── DATA BLOCK

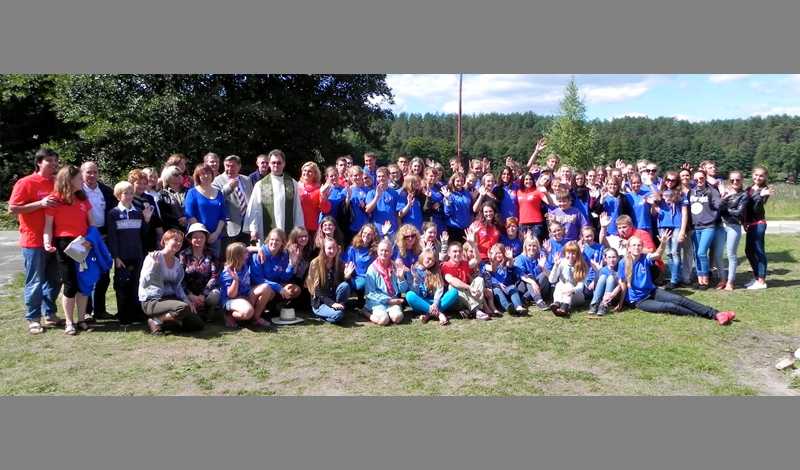 Die jungen freiwilligen litauischen Helfer des Malteserordens feiern 20 Jahre Dienst an den Armen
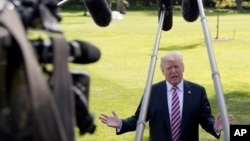 川普总统在白宫南草坪对记者发表谈话(2017年9月29日)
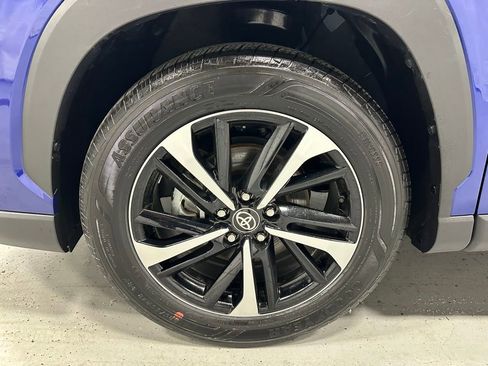 Used 2025 Toyota Corolla Cross XSE w/ Convenience Package image 62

────

** TASK STATEMENT **
Word for word and without any pictures, return all of the lines above.

** TASK SOLUTION **
 Die jungen freiwilligen litauischen Helfer des Malteserordens feiern 20 Jahre Dienst an den Armen
 川普总统在白宫南草坪对记者发表谈话(2017年9月29日)
 Used 2025 Toyota Corolla Cross XSE w/ Convenience Package image 62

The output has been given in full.